Wednesday 20 May 2009

Academic Earth

This is an interesting idea. Six of the top US colleges (Harvard, Yale, Berkeley, MIT, Princeton & Stanford) are making videos of their lectures available on the Academic Earth website. Now under normal circumstances getting access to learning material of this quality would require you to be a student at one of the colleges and all that entails, but Academic Earth have the goal to give “…everyone on Earth access to a world-class eduction.”

They state:

"We are building a user-friendly educational eco-system that will give internet users the ability to easily find, interact with, and learn from full video courses and lectures from the world’s leading scholars. Our goal is to bring the best content together in one place and create an environment in which that content is remarkably easy to use and where user contributions make existing content increasingly valuable.”

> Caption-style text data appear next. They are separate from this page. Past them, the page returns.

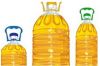 refined sunflower oil 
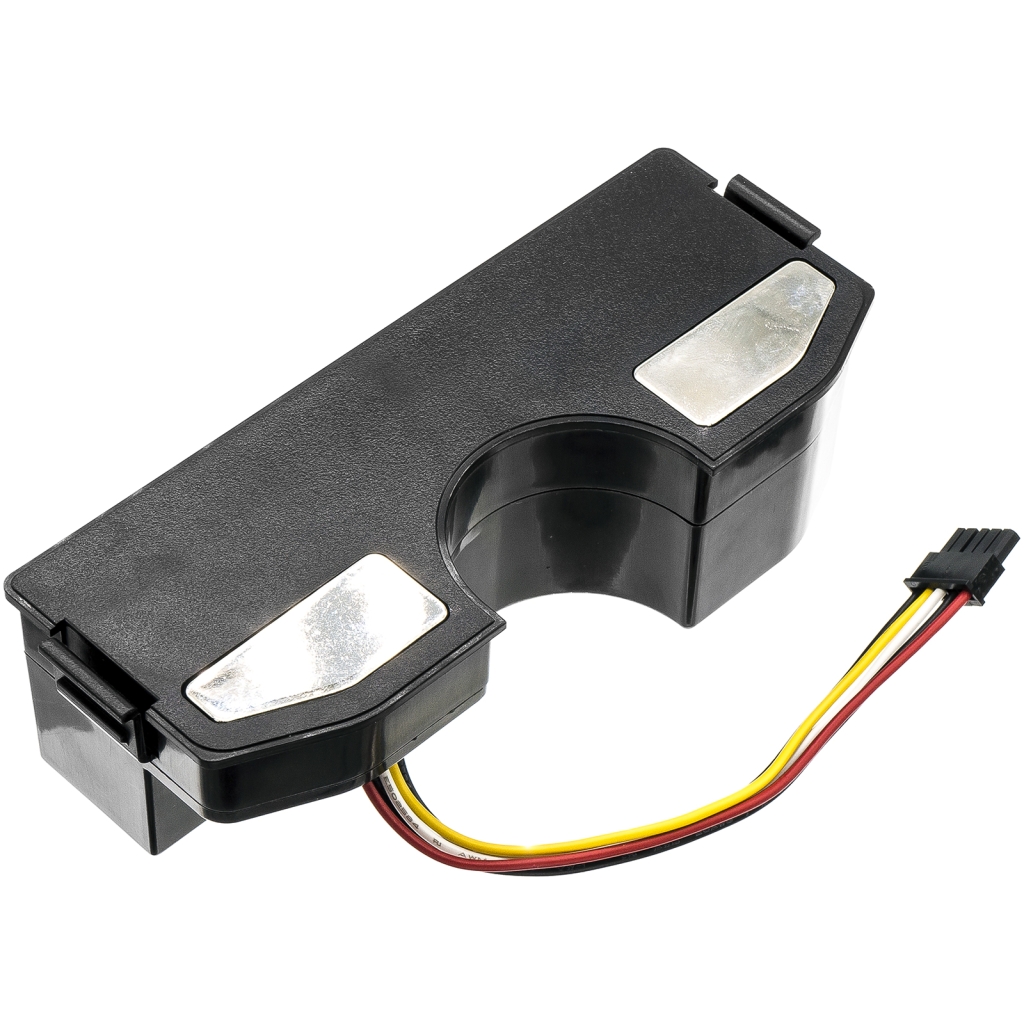 Battery Replaces 05173
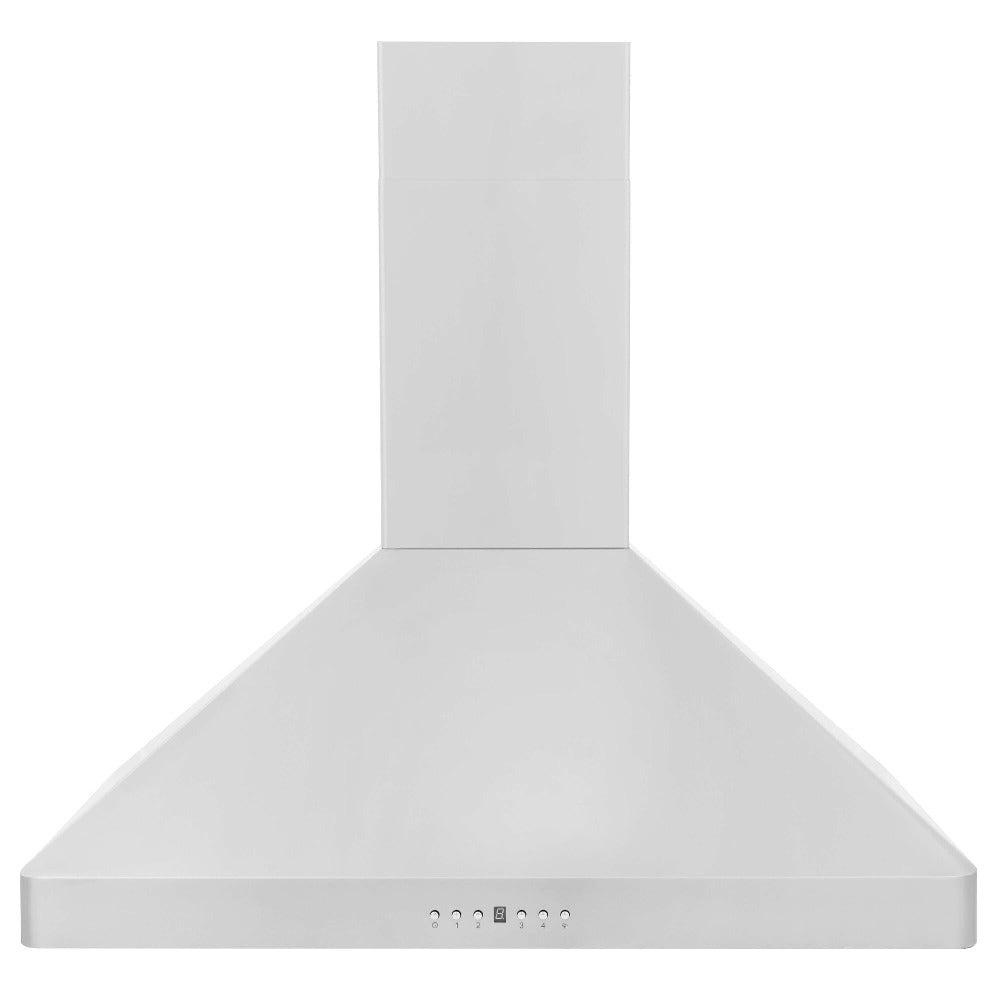 ZLINE KF2 30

If you search under the “Entrepreneurship” section you’ll find all sorts of lectures on subjects that are really relevant to business today. I found material on leadership, coaching, finance, marketing, negotiation…. and loads more, all delivered by some of the top business names. People like Guy Kawasaki, Jerry Kaplan, Carly Fiorina, Trip Hawkins, Eric Schmidt and Larry Page will always have something interesting to say.

Naturally they also deliver more traditional academic subjects like biology, chemistry, English, physics, mathematics, etc.

Academic Earth has an ambitious goal, but I’ve always believed that this is exactly the sort of thing the internet ought to be utilised for. The capacity to deliver the very best learning materials to anyone in the world, for free and at their convenience is well within the capability of the system. All that’s needed is the content and the will of the content owners to allow that material to be distributed. Unfortunately at the moment there are some licencing issues which can affect a particular lecture if you don’t reside in a country that has permission to view it, but as far as I can tell that is the exception rather than the rule (and you could always use an anonymizer or proxy to hide your country of origin anyway).

There’s so much potential here. I really hope it achieves its ambition.